__What you have to do__
Find the lines of the listing that contain the string "Style", and return them.

__Excerpted data__

+ + + +

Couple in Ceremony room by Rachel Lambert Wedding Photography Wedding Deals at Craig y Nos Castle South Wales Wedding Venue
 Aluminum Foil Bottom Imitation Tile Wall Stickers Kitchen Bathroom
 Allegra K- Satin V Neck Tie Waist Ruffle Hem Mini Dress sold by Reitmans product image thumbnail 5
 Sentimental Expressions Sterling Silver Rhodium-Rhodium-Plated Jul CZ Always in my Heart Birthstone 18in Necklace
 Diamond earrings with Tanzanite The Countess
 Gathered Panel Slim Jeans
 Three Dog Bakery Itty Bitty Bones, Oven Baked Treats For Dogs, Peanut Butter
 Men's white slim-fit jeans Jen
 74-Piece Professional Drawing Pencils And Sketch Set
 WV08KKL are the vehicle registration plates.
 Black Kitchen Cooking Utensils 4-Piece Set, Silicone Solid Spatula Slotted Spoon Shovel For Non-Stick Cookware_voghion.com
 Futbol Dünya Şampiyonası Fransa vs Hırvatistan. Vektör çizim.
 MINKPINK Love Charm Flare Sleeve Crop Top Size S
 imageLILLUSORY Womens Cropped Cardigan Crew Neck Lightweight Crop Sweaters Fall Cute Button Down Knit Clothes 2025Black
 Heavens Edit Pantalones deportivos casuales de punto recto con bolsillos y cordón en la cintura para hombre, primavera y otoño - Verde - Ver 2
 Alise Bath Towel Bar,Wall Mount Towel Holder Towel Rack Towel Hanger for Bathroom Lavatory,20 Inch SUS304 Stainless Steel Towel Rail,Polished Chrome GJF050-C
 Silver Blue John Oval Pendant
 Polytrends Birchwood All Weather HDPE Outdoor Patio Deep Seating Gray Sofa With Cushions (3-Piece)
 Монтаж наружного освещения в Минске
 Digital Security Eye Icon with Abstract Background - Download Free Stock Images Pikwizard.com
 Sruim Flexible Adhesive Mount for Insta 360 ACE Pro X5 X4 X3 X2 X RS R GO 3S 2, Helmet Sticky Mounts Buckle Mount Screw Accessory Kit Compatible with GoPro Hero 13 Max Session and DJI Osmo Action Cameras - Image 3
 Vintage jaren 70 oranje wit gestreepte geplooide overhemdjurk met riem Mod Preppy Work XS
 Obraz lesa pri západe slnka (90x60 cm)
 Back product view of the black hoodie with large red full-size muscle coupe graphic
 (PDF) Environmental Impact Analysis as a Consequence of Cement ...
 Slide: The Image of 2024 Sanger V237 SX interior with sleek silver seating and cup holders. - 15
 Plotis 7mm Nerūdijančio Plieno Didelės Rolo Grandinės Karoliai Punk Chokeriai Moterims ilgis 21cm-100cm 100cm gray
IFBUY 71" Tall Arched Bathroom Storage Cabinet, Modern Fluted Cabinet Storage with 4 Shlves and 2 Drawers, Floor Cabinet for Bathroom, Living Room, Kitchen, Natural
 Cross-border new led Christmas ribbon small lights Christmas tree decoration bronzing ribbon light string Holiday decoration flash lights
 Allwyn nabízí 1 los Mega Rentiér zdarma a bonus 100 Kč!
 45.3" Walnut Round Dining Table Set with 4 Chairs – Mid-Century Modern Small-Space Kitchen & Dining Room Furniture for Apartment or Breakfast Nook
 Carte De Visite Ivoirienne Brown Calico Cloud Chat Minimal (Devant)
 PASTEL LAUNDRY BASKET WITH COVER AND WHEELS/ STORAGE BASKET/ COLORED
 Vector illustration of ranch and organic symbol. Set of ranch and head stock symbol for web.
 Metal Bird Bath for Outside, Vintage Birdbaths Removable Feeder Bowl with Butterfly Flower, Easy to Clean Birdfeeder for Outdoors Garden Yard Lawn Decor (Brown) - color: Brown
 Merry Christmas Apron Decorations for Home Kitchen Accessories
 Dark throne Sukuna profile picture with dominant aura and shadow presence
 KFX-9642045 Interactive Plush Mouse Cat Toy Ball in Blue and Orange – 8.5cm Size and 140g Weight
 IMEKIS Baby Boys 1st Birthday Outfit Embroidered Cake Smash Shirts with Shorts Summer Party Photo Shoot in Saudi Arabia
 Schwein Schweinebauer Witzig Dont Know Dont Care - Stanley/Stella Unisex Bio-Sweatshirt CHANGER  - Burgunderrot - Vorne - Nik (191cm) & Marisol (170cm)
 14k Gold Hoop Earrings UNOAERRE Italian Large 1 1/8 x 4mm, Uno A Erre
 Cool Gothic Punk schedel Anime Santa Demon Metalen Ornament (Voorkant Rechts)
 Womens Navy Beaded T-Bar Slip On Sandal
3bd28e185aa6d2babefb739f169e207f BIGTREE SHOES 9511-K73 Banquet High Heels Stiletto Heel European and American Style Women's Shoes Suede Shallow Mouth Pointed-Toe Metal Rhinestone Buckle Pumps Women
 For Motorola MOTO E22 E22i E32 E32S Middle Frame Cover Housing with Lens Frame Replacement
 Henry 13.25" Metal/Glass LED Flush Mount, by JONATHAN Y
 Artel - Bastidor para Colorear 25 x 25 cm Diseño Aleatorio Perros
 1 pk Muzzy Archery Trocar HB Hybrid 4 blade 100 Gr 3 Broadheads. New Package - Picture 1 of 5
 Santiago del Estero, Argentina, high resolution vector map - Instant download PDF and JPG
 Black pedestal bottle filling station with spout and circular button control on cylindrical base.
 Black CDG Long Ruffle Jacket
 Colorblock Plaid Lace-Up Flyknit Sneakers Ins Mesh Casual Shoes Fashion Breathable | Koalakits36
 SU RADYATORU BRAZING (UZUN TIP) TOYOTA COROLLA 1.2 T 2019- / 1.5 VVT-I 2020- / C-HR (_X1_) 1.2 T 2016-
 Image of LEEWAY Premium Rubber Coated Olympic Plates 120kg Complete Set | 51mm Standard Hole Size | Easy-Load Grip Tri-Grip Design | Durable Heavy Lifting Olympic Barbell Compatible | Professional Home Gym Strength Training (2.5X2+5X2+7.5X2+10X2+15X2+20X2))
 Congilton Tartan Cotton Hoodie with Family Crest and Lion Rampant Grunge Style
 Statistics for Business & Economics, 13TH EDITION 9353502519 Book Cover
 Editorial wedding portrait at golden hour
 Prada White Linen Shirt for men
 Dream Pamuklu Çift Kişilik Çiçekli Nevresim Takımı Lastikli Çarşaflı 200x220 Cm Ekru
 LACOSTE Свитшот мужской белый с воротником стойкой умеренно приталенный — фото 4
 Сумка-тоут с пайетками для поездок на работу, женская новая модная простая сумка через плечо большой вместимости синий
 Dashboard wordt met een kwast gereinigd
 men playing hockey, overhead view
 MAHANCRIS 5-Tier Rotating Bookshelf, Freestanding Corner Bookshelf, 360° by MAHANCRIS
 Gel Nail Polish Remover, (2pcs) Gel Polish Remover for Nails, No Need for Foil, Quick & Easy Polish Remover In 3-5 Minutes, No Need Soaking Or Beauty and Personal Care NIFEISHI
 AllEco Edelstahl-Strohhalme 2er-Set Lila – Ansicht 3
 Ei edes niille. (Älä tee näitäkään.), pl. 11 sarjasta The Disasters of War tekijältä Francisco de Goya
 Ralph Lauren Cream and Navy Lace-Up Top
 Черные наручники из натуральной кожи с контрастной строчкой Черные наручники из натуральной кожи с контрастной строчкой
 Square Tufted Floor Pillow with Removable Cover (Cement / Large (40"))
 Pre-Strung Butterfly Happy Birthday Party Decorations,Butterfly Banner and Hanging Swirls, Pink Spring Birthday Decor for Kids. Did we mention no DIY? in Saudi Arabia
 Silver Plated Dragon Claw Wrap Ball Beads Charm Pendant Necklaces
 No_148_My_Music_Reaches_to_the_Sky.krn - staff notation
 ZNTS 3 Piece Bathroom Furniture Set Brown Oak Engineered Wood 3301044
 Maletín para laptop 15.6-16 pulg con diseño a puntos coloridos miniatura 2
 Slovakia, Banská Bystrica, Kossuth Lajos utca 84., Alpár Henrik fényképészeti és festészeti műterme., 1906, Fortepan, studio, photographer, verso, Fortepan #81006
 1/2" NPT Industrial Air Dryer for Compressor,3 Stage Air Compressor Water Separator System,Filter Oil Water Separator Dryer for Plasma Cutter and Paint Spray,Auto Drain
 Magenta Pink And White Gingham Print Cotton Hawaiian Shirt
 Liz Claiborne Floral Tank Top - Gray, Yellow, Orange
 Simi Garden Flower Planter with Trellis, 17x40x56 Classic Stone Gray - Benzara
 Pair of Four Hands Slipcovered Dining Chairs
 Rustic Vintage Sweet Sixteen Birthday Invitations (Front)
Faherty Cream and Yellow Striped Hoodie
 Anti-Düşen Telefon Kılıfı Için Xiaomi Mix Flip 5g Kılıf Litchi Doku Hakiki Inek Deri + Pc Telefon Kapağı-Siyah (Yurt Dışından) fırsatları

+ + + +

__Result__
3bd28e185aa6d2babefb739f169e207f BIGTREE SHOES 9511-K73 Banquet High Heels Stiletto Heel European and American Style Women's Shoes Suede Shallow Mouth Pointed-Toe Metal Rhinestone Buckle Pumps Women
 Congilton Tartan Cotton Hoodie with Family Crest and Lion Rampant Grunge Style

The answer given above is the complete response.